→ **EXERCISE INSTRUCTIONS**: The answer must be the full listing, word for word, with no pictures in it.

→ **DATASET**:
----------------

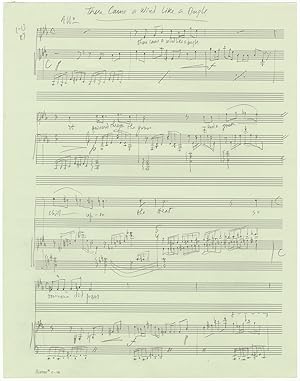 Immagine del venditore per There Came a Wind Like a Bugle. Song for voice and piano. Autograph musical manuscript dated Jan 13, 10, 12, 11, [19]87. Text by Emily Dickinson venduto da J & J LUBRANO MUSIC ANTIQUARIANS LLC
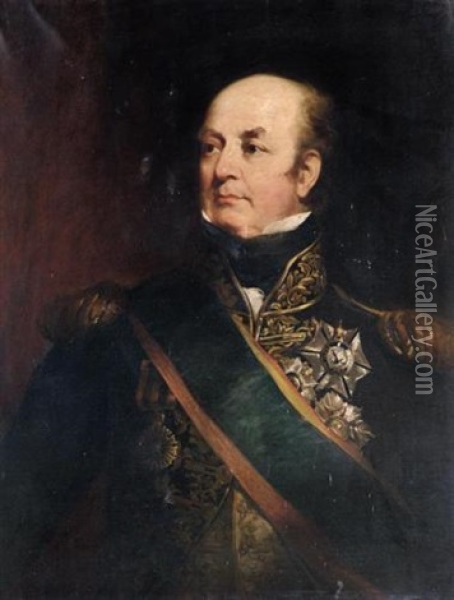 Portrait Of Field Marshal, Viscount Beresford Oil Painting - Richard Rothwell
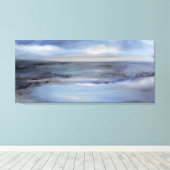 白黒ブルー抽象芸術シースケープ キャンバスプリント (インサイチュ (ウッドフロア))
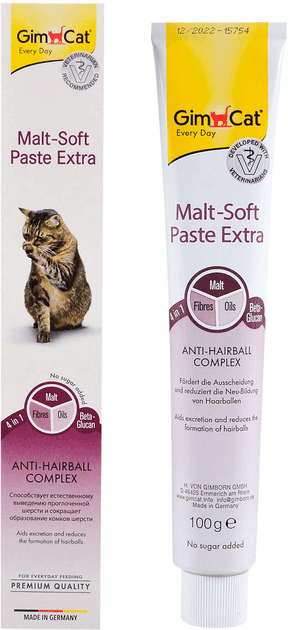 Фітопасти Gim Cat Malt-Soft Extra — паста для виведення шерсті зі шлунка кішок 100 г 481 Німеччина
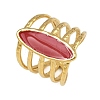 Horse Eye 304 Stainless Steel Enamel Cuff Rings for Women RJEW-G355-04G-02-4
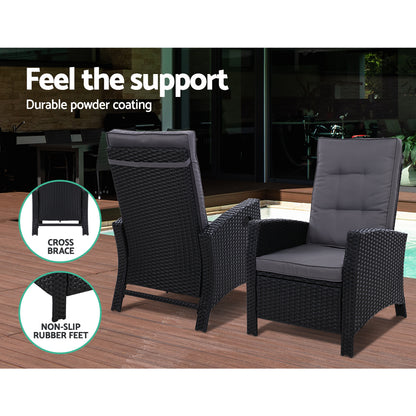 Recliner Chair Sun Lounge Wicker Lounger Outdoor Patio Furniture Black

----------------

→ **PROBLEM SOLUTION**:
 Immagine del venditore per There Came a Wind Like a Bugle. Song for voice and piano. Autograph musical manuscript dated Jan 13, 10, 12, 11, [19]87. Text by Emily Dickinson venduto da J & J LUBRANO MUSIC ANTIQUARIANS LLC
 Portrait Of Field Marshal, Viscount Beresford Oil Painting - Richard Rothwell
 白黒ブルー抽象芸術シースケープ キャンバスプリント (インサイチュ (ウッドフロア))
 Фітопасти Gim Cat Malt-Soft Extra — паста для виведення шерсті зі шлунка кішок 100 г 481 Німеччина
 Horse Eye 304 Stainless Steel Enamel Cuff Rings for Women RJEW-G355-04G-02-4
 Recliner Chair Sun Lounge Wicker Lounger Outdoor Patio Furniture Black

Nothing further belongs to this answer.